The French Bulldog, with their large bat ears and even disposition, is one of the world’s most popular small breed dogs, especially with people living in the city and apartments. The Frenchie is playful, alert, adaptable, and completely irresistible!
The French Bulldog is a miniature bulldog with large, erect “bat ears” that are the breed’s most noticeable feature. The head is large and square, with heavy wrinkles rolled above the extremely short nose. The body beneath the smooth, brilliant coat is compact and muscular.
Frenchies are naturalKu affectionate charmers. Frenchies don’t bark much—but their alertness makes them excellent watchdogs. They happily adapt to life with singles, couples, or families, and do not require a lot of outdoor exercise. They get on well with other animals and enjoy making new friends of the human variety. It is no wonder that city folk from Paris to Peoria swear by this vastly amusing and companionable breed.
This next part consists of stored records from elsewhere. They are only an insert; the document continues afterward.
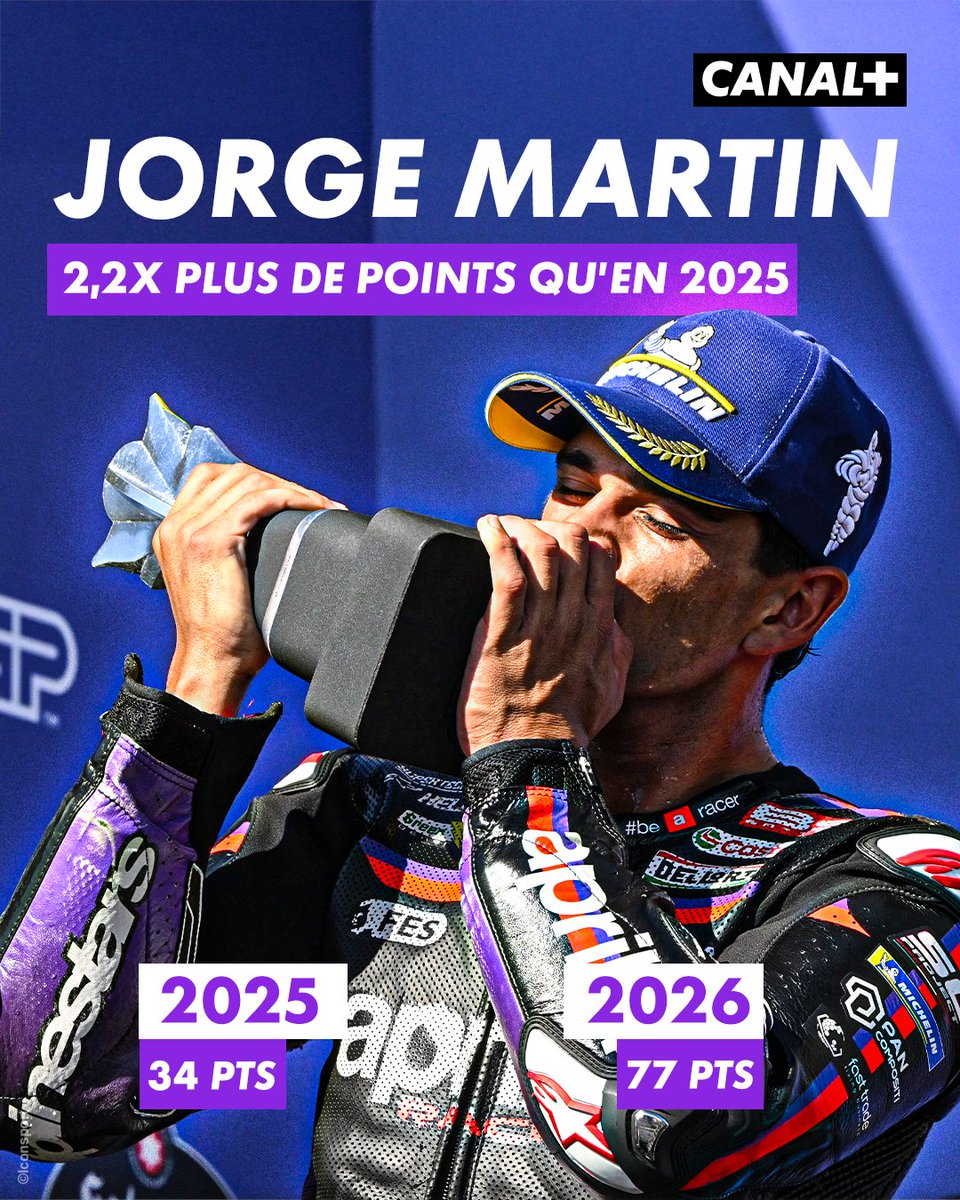 CANAL+ MotoGP™ tweet media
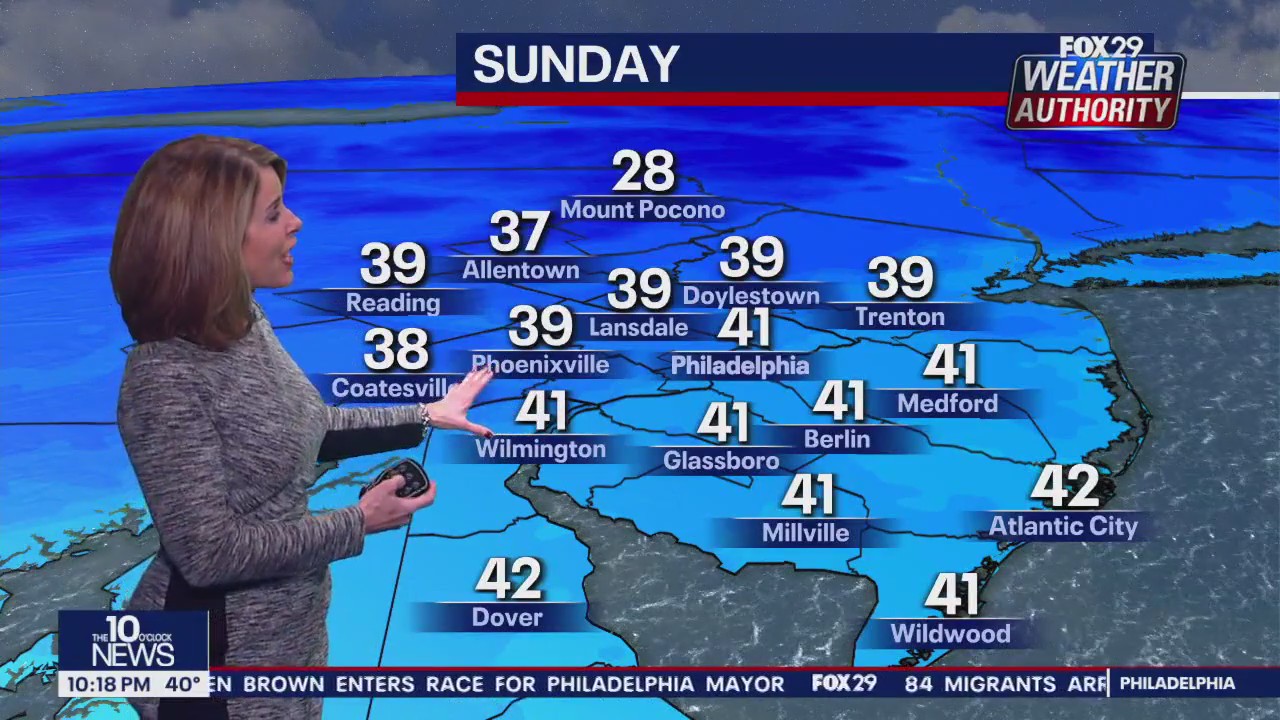 Weather Authority: 10 p.m. Saturday forecast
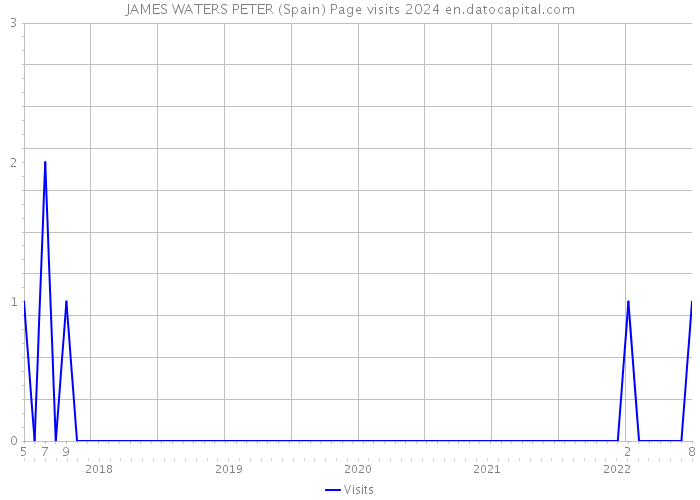 JAMES WATERS PETER (Spain) Page visits 2024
In the mid 1800s, a toy-size Bulldog found favor in some English cities. The toy Bulldog became something of a mascot for Nottingham’s lace makers. This was the height of the Industrial Revolution in England. Cottage industries such as as lace making were threatened. Many in the lace trade relocated to northern France, and they brought their toy Bulldogs with them.
The little dogs became popular in the French countryside where lace makers settled. Over decades, the toy Bulldogs were crossed with other breeds, such as terriers and Pugs and they developed their famous bat ears. They were given the name Bouledogue Français.
Paris eventually discovered the delightful new breed, and thus began the Frenchie’s reputation as city dog par excellence. The breed came to be associated with Paris café life, and with the bon vivants and fancy ladies who sought nocturnal pleasures in Parisian dancehalls. Edgar Degas and Toulouse-Lautrec depicted the Frenchie in paintings of the Paris demimonde.
By the end of the 19th century, the Frenchie’s popularity had spread across Europe to America. The breed was not as liked in England. The Bulldog was a national symbol by the 1900s for Europe. Englishmen whom rivaled Europeans had a hard time adapting to the French Bulldog.
Americans in the early 1900s contributed to the breed by insisting that the bat ear was the correct Frenchie type. It is by this distinctive feature that the Frenchie is instantly recognizable to the world.